*** Data for processing ***
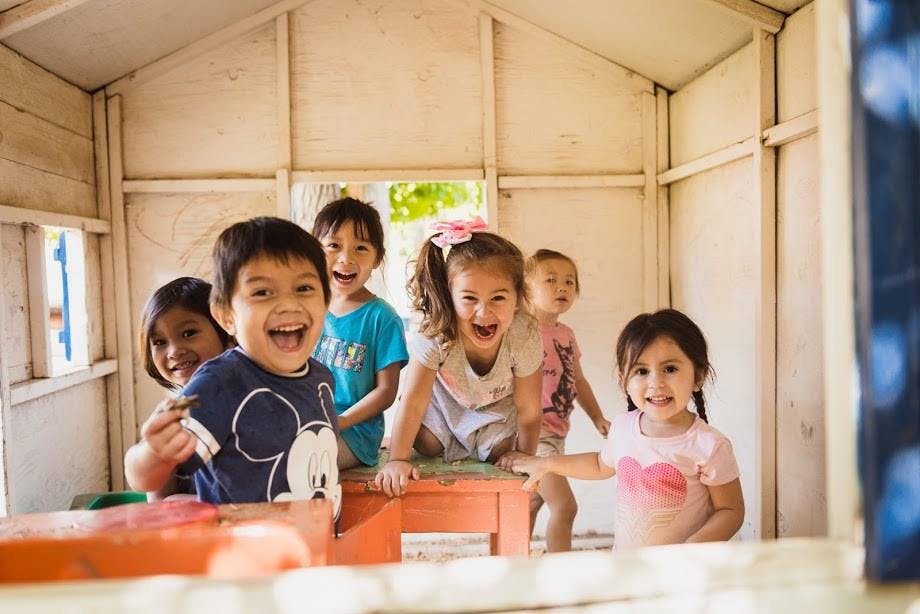 Group of children playing inside a small wooden structure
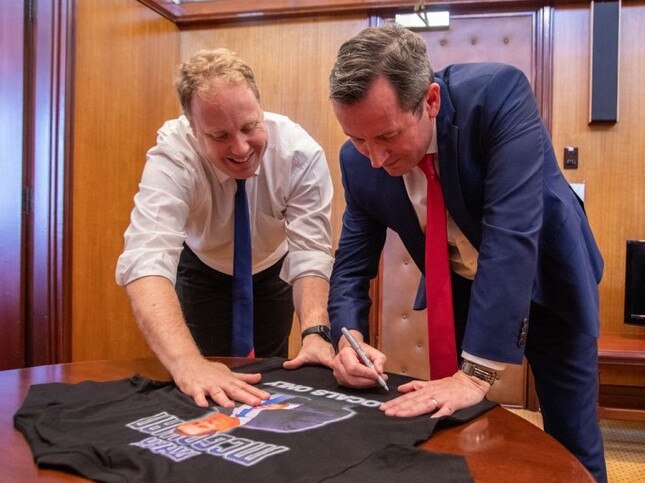 West Australian Premier Mark McGowan signs the T-shirt with state Labor MP David Michael.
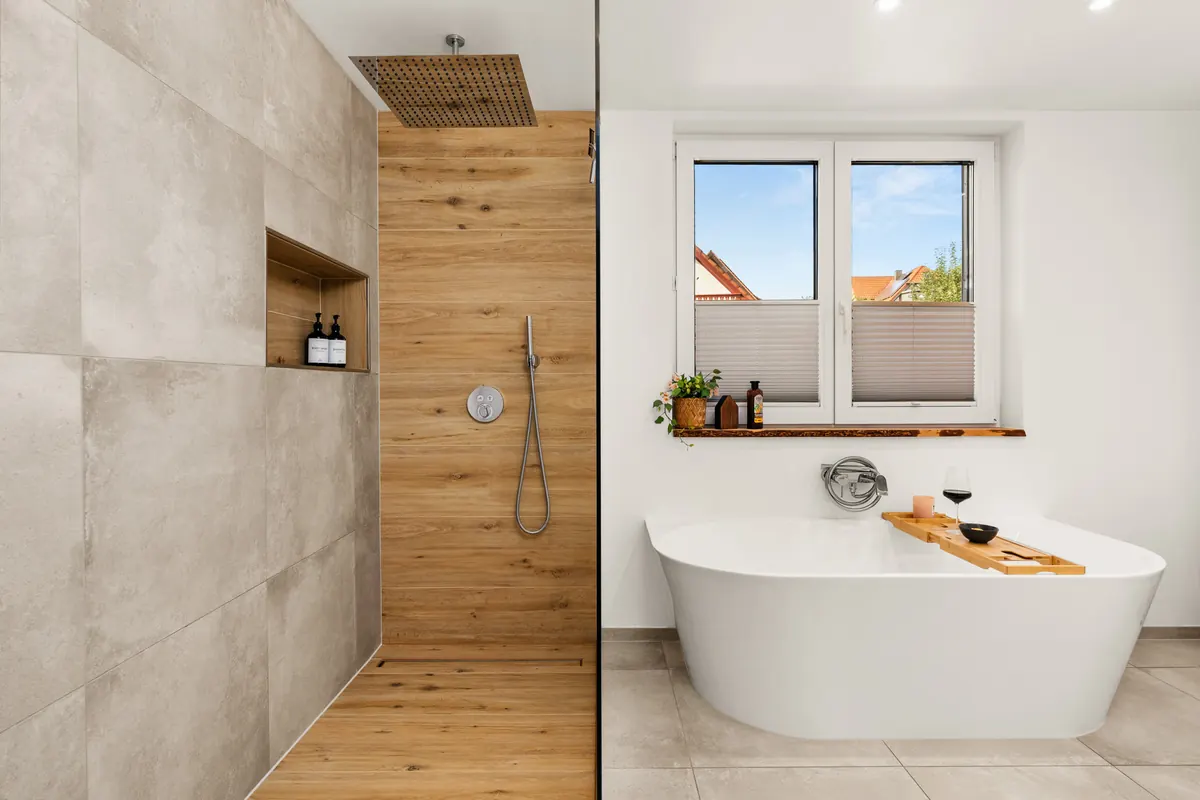 Badezimmer mit freistehender Wanne, Regendusche und Holzwand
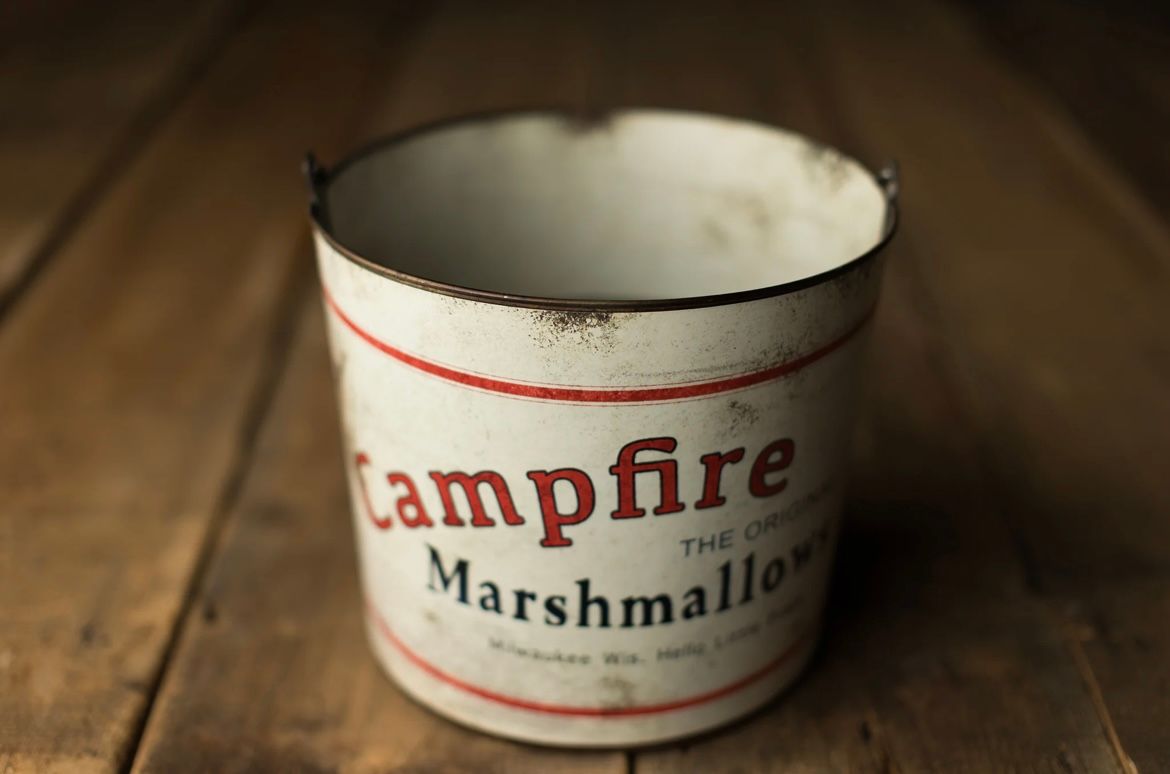 Vintage white ceramic jars with red lettering sit in a row on a rustic wooden surface in warm lighting.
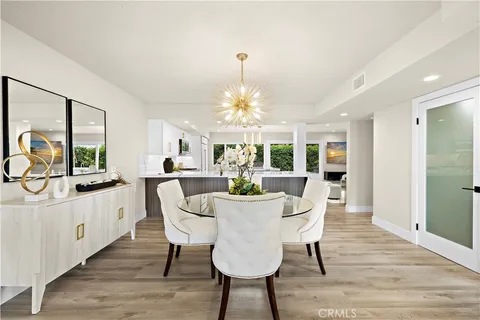 a dining room with furniture a chandelier and wooden floor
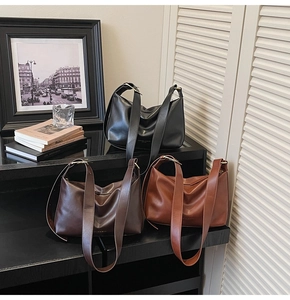 Detailed arrangement of soft leather tote bags in black, coffee, and caramel colors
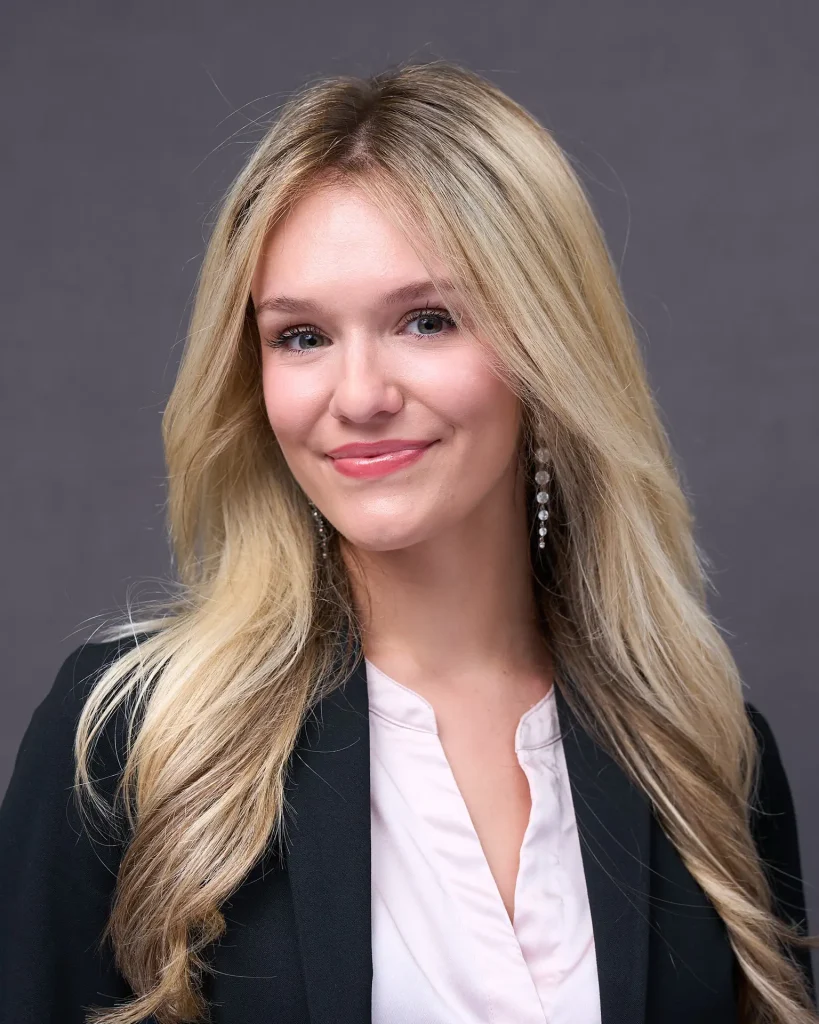Professional onsite corporate headshot on a studio background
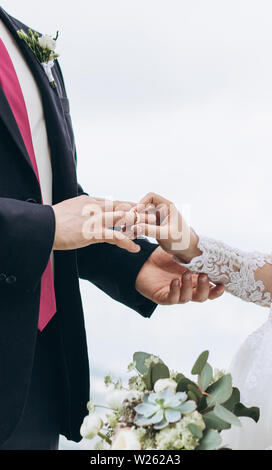 La sposa mette l'anello al dito lo sposo. Evento di nozze. Foto Stock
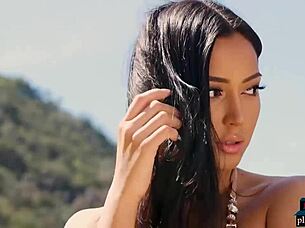 Petite mixed race asian model Alexandra poses in solo softcore lingerie striptease session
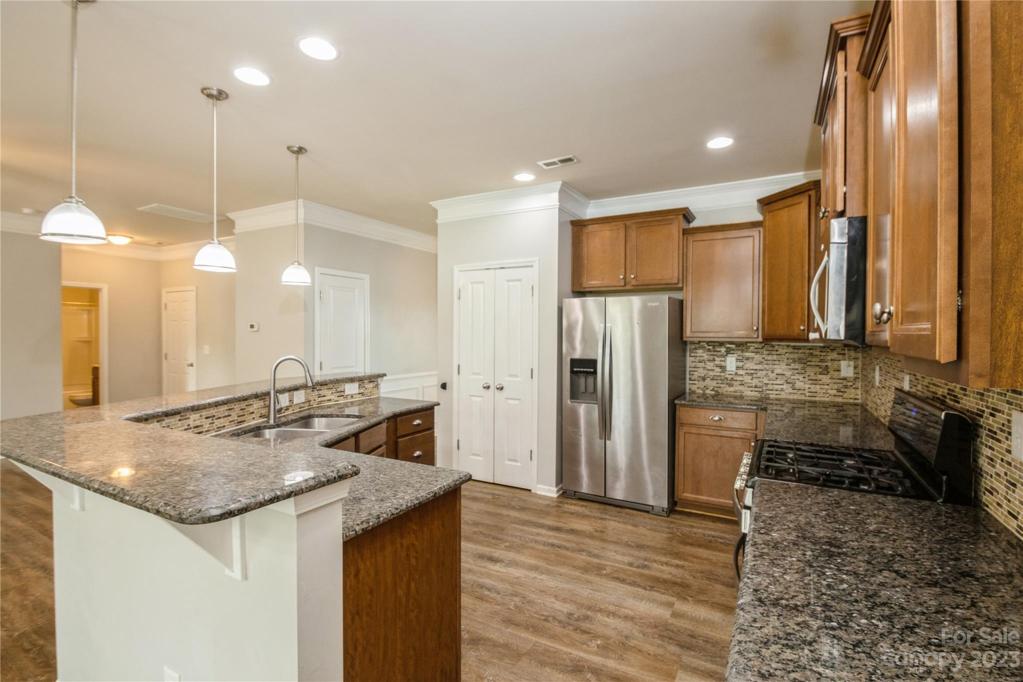 Kitchen with breakfast bar and stainless steel appliances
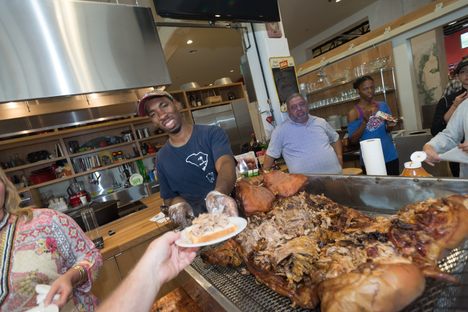 Conyers dismantles a hog at a Southern Food and Beverage Museum event on South Carolina barbecue.
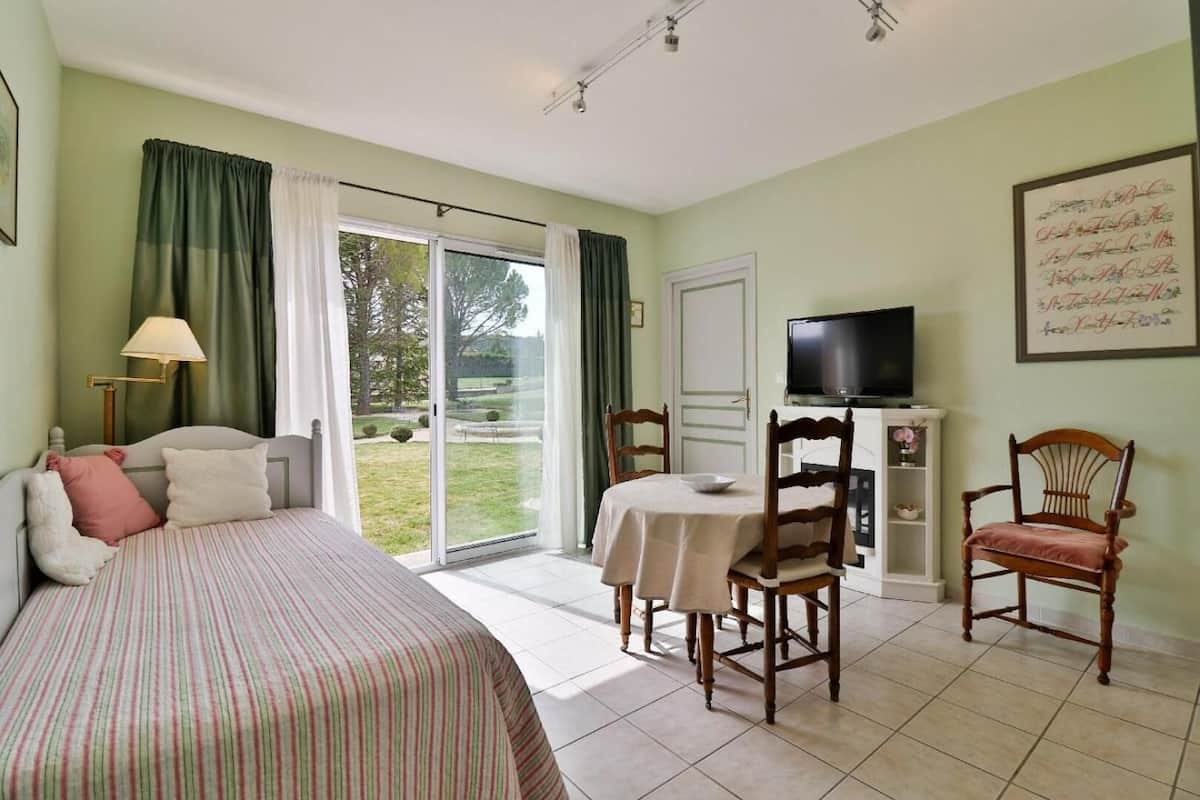 A bedroom with a bed, a table with chairs, a television, and a sliding glass door leading to a garden.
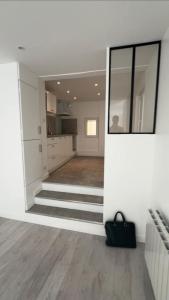 a living room with stairs and a black purse at large downtown studio in Corbeil-Essonnes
***
**Requirement**
Begin with the line that has "Vintage white ceramic" and continue to the last line of the entries, printing each line exactly and nothing else; include both ends and skip the pictures.

**Reply to the task**
 Vintage white ceramic jars with red lettering sit in a row on a rustic wooden surface in warm lighting.
 a dining room with furniture a chandelier and wooden floor
 Detailed arrangement of soft leather tote bags in black, coffee, and caramel colors
Professional onsite corporate headshot on a studio background
 La sposa mette l'anello al dito lo sposo. Evento di nozze. Foto Stock
 Petite mixed race asian model Alexandra poses in solo softcore lingerie striptease session
 Kitchen with breakfast bar and stainless steel appliances
 Conyers dismantles a hog at a Southern Food and Beverage Museum event on South Carolina barbecue.
 A bedroom with a bed, a table with chairs, a television, and a sliding glass door leading to a garden.
 a living room with stairs and a black purse at large downtown studio in Corbeil-Essonnes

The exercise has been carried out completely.